---------- DATA FOR THIS TASK ----------

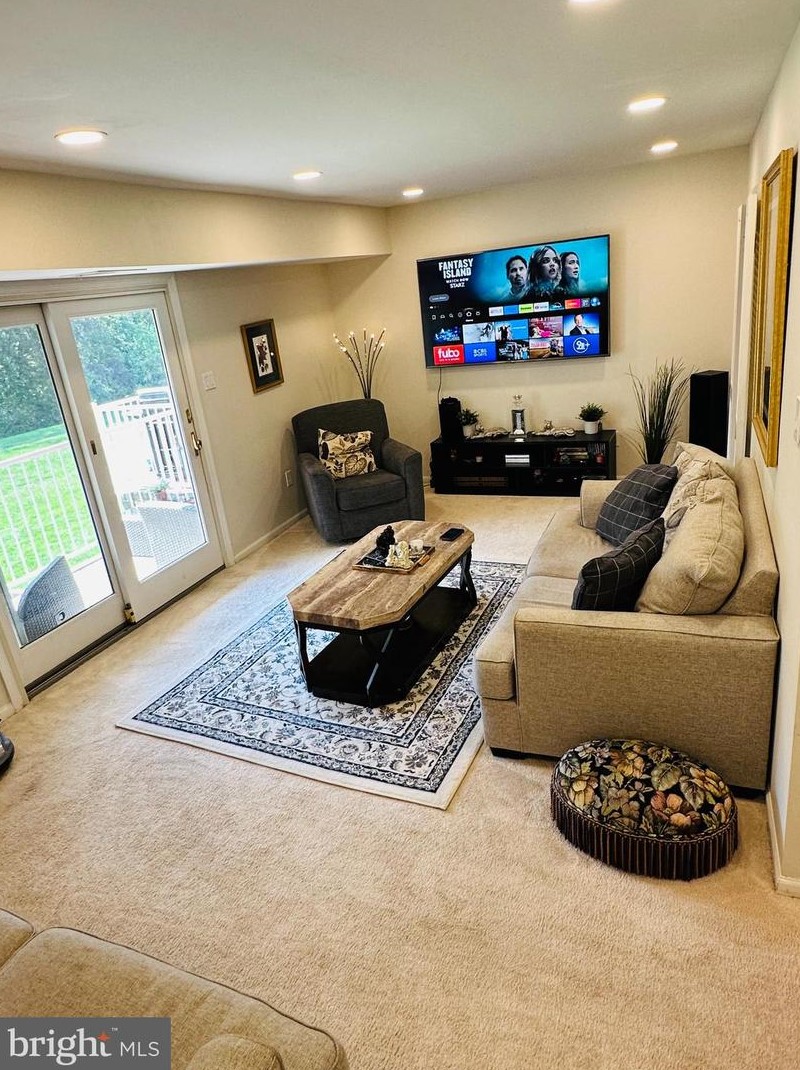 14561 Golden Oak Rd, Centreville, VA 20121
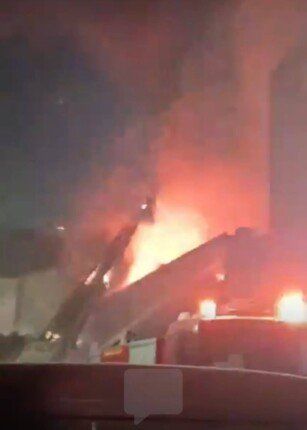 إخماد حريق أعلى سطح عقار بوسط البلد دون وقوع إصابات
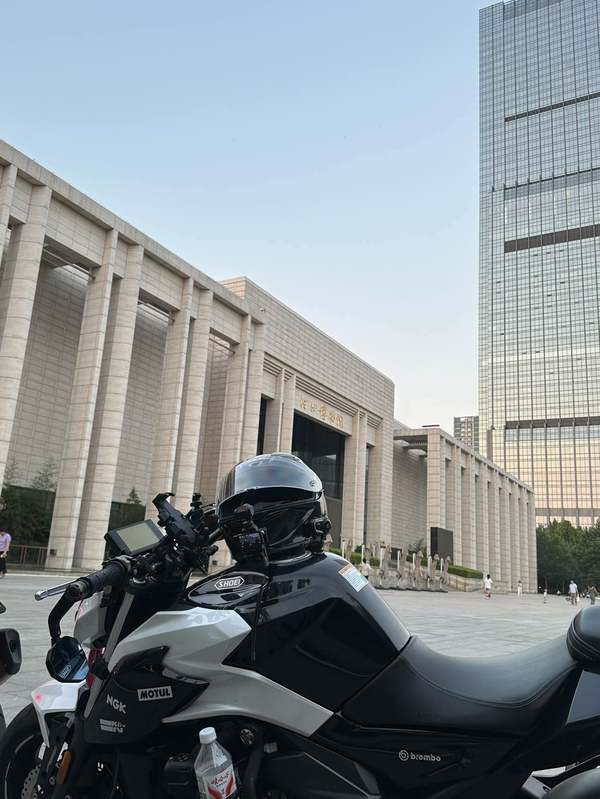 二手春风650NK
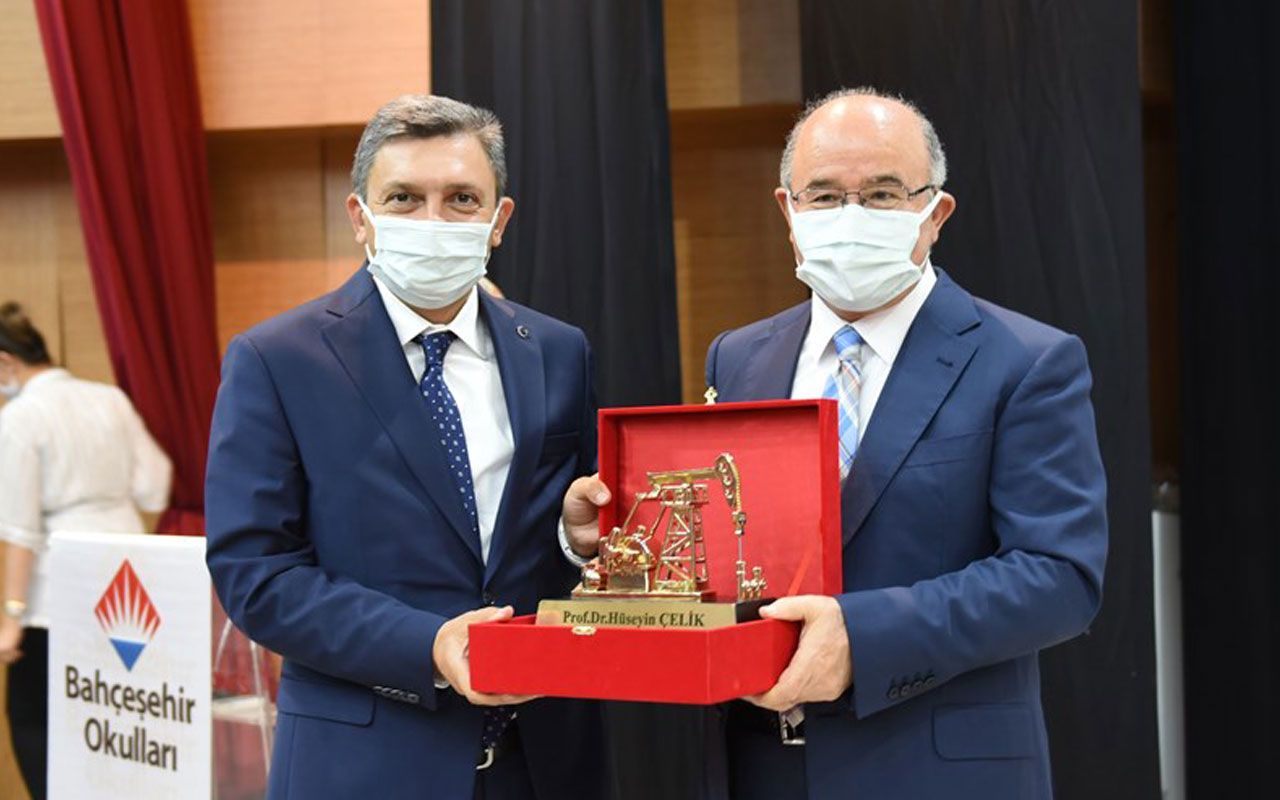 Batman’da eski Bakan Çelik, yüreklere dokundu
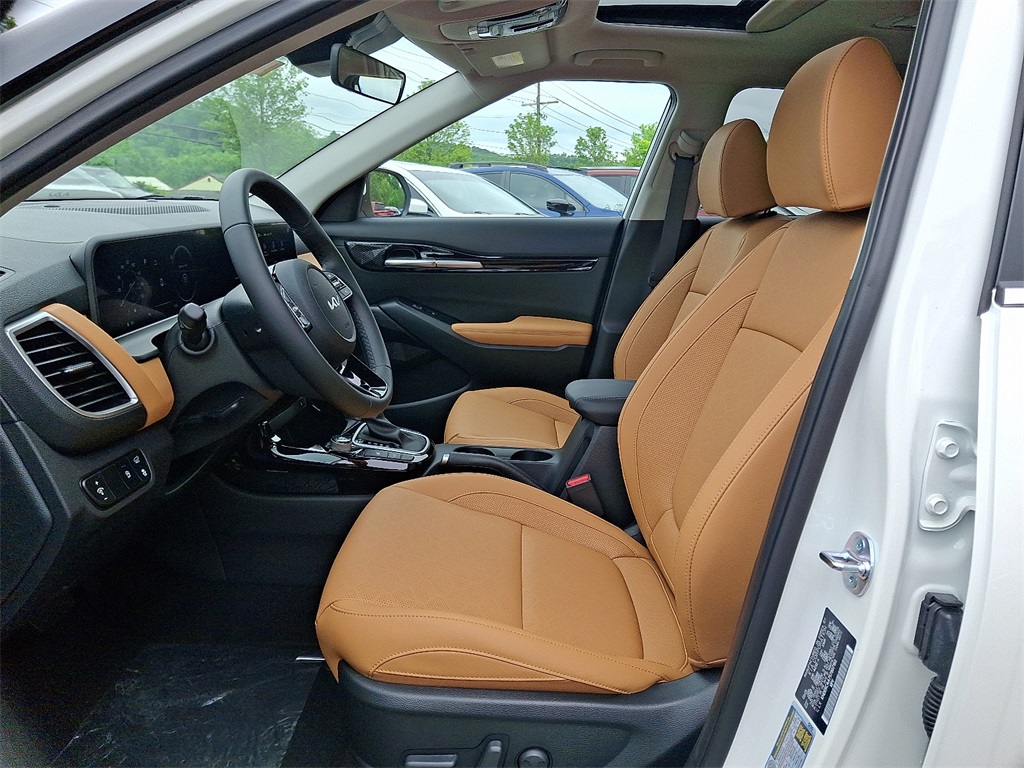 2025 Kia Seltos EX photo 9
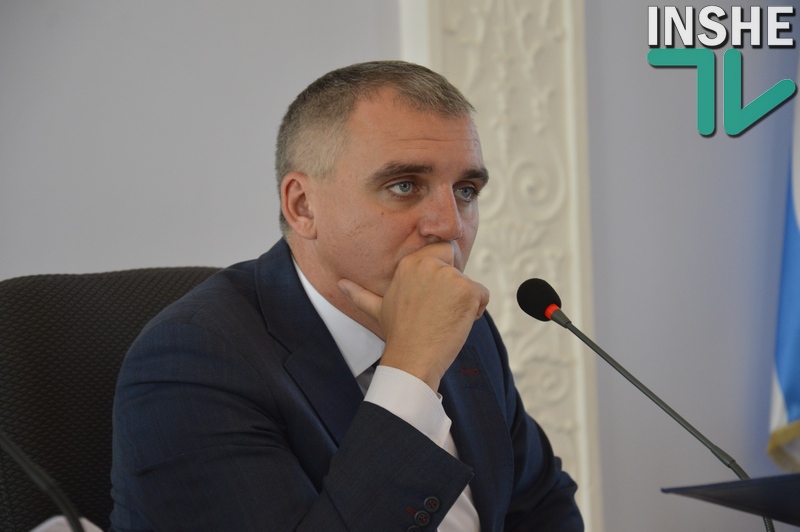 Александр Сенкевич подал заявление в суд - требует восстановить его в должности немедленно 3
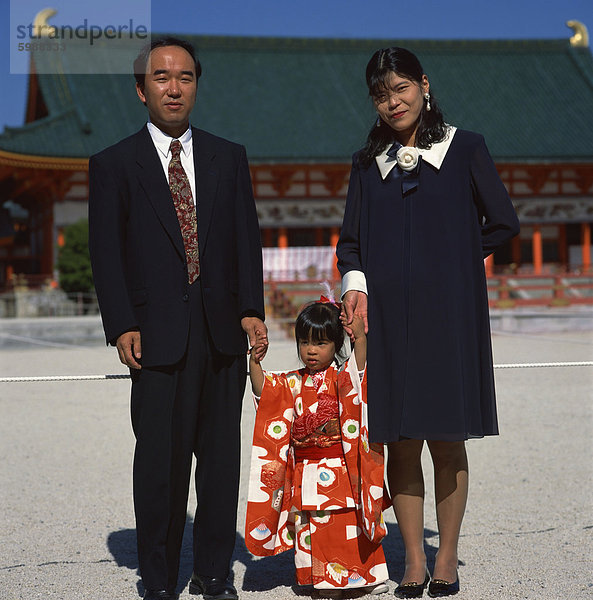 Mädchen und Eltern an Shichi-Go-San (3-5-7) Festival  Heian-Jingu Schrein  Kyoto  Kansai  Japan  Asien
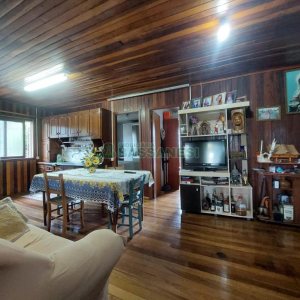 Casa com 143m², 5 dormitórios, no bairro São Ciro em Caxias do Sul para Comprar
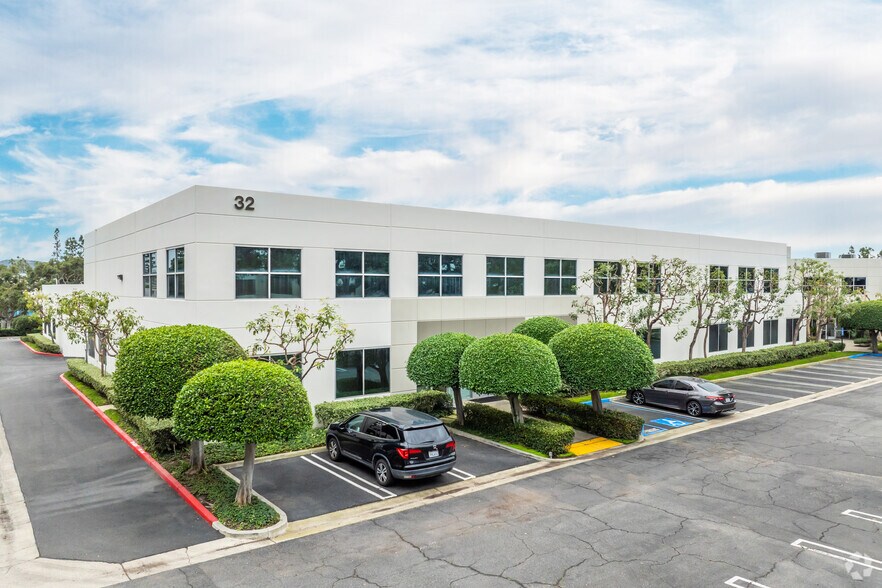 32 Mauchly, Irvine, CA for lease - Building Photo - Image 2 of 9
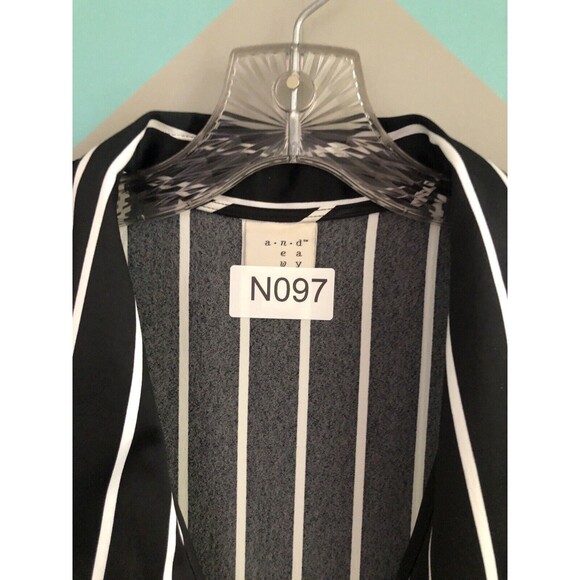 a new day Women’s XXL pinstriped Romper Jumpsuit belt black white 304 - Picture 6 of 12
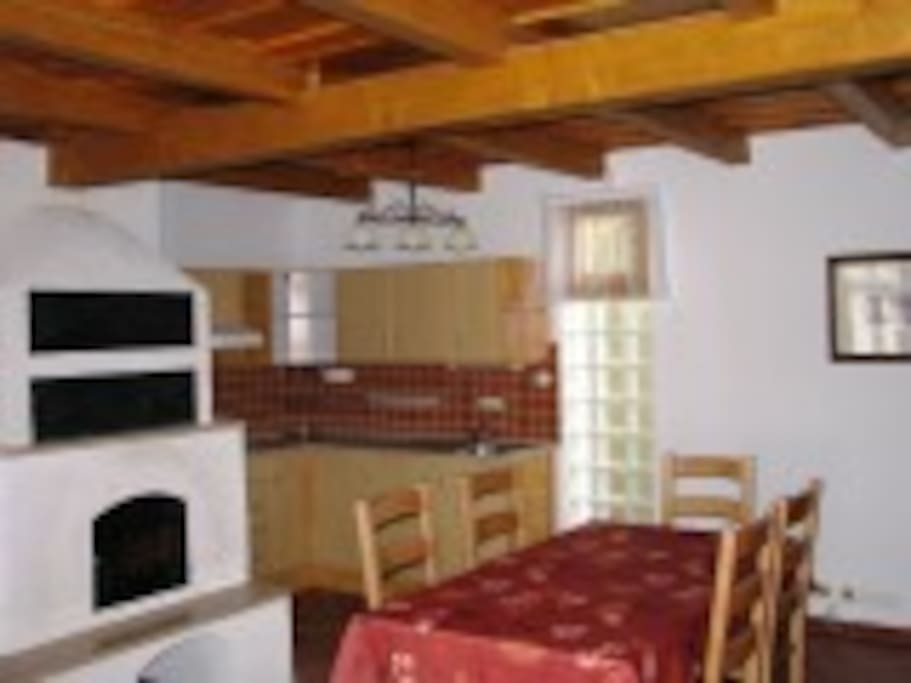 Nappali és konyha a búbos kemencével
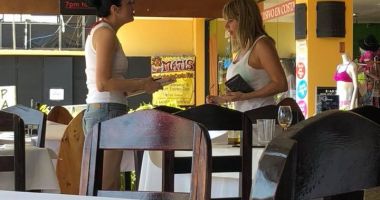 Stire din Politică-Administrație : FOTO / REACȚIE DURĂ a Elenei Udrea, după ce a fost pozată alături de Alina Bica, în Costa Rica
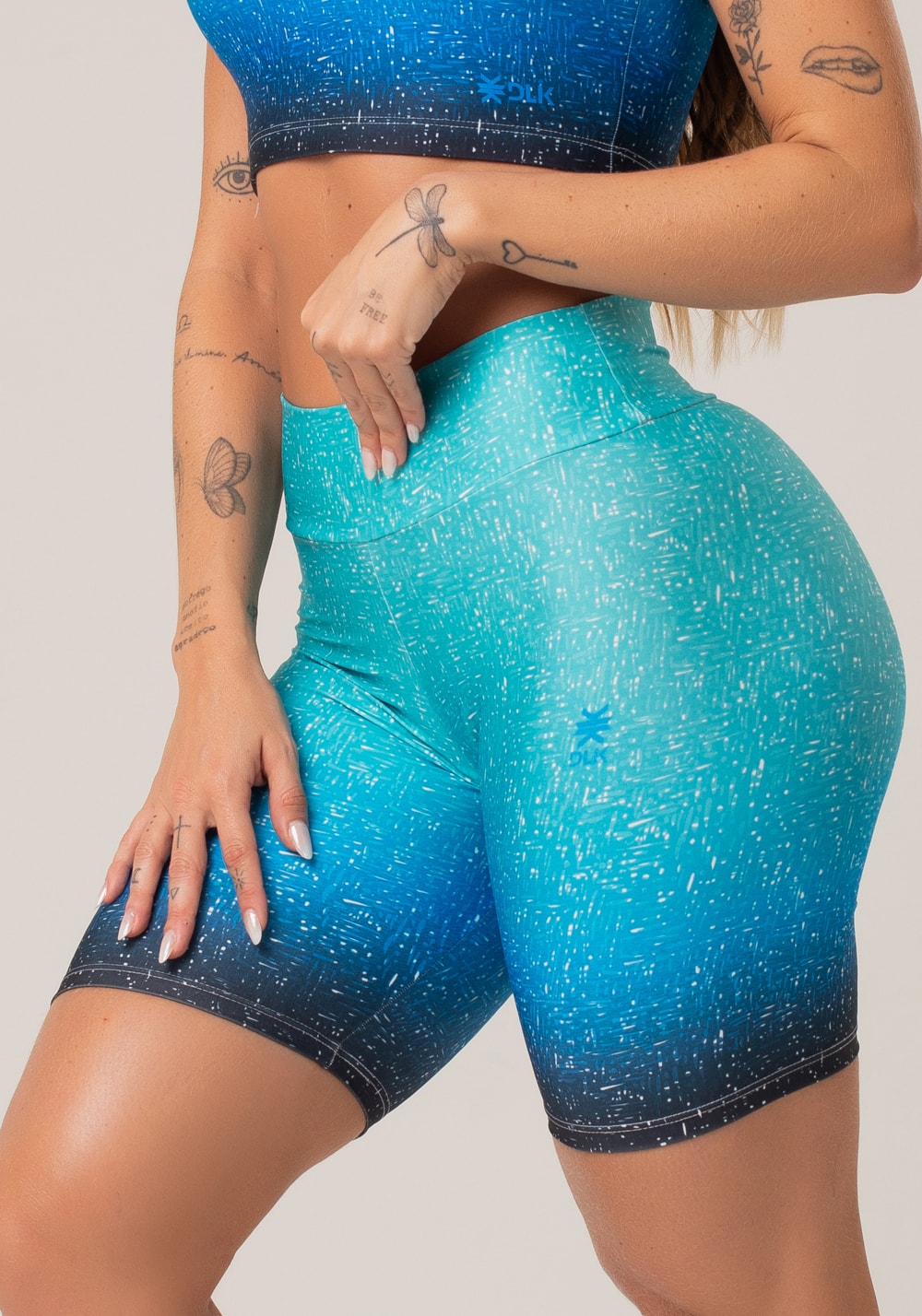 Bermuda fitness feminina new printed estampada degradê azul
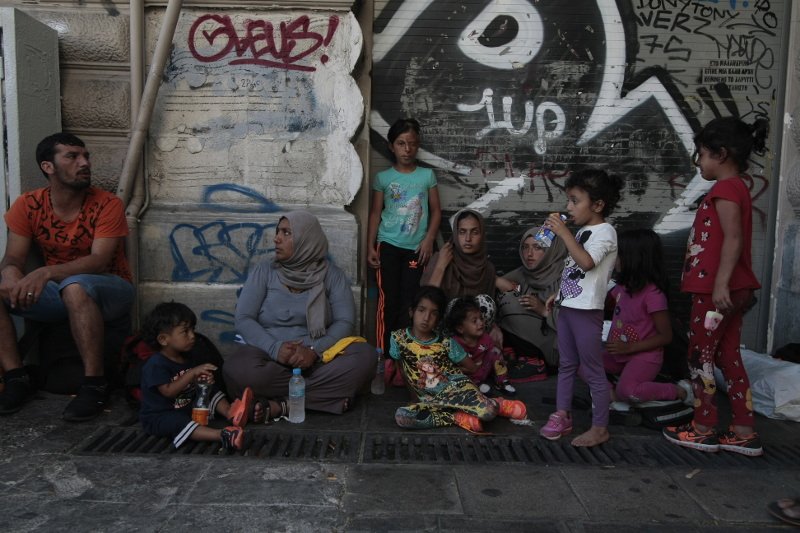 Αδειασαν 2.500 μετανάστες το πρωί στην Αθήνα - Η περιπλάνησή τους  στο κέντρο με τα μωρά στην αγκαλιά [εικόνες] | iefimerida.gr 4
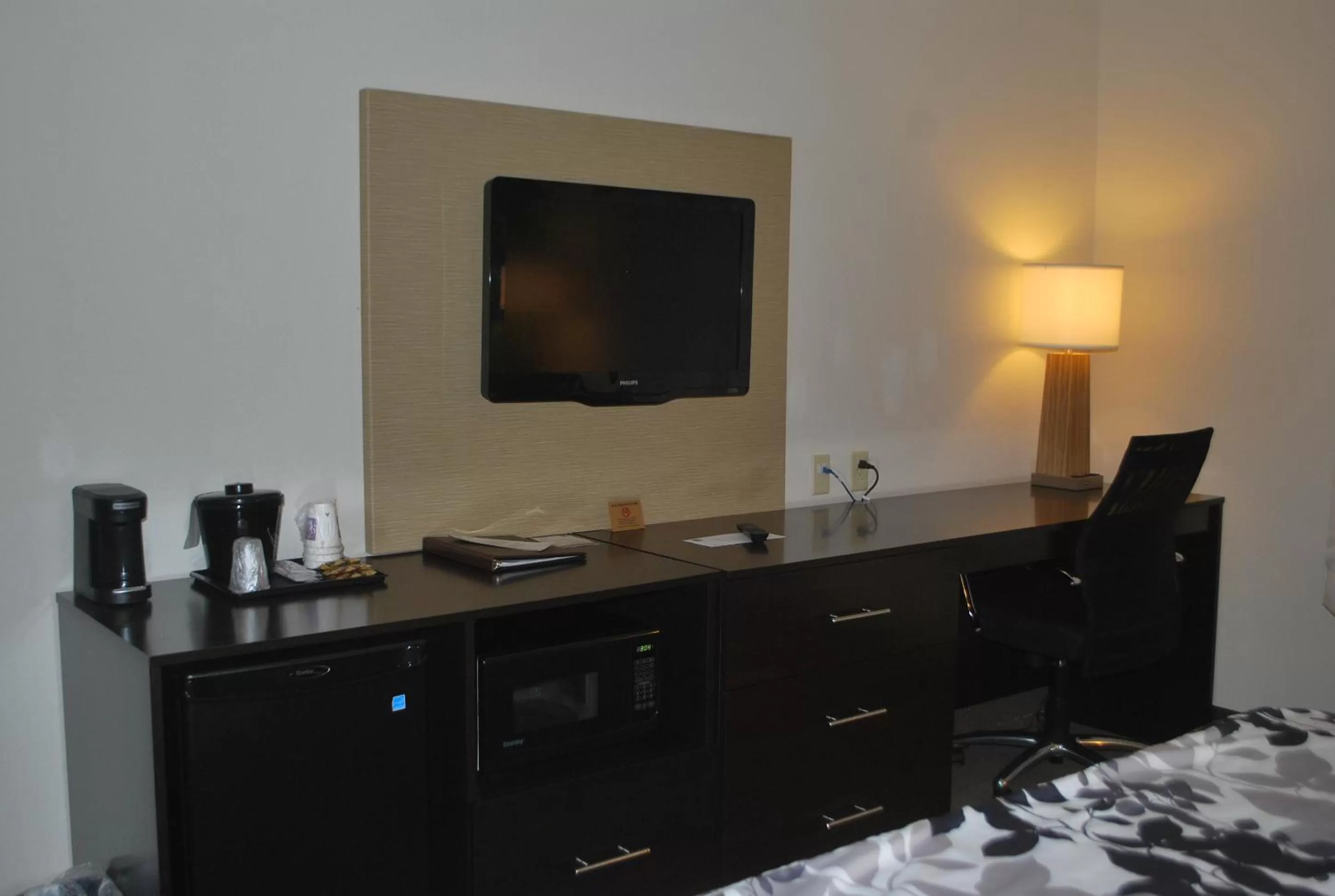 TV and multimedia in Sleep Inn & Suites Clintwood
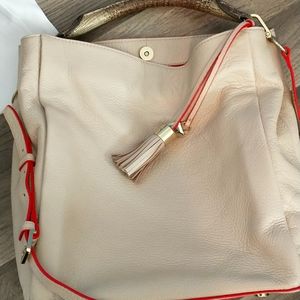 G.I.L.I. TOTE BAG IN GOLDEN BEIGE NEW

----------

§ **DIRECTIONS**: Skipping any pictures, copy the line that holds "Bermuda fitness feminina" and each line after it through the last line of the records, unchanged, and no other lines.

§ **SOLUTION TO THIS EXERCISE**:
 Bermuda fitness feminina new printed estampada degradê azul
 Αδειασαν 2.500 μετανάστες το πρωί στην Αθήνα - Η περιπλάνησή τους  στο κέντρο με τα μωρά στην αγκαλιά [εικόνες] | iefimerida.gr 4
 TV and multimedia in Sleep Inn & Suites Clintwood
 G.I.L.I. TOTE BAG IN GOLDEN BEIGE NEW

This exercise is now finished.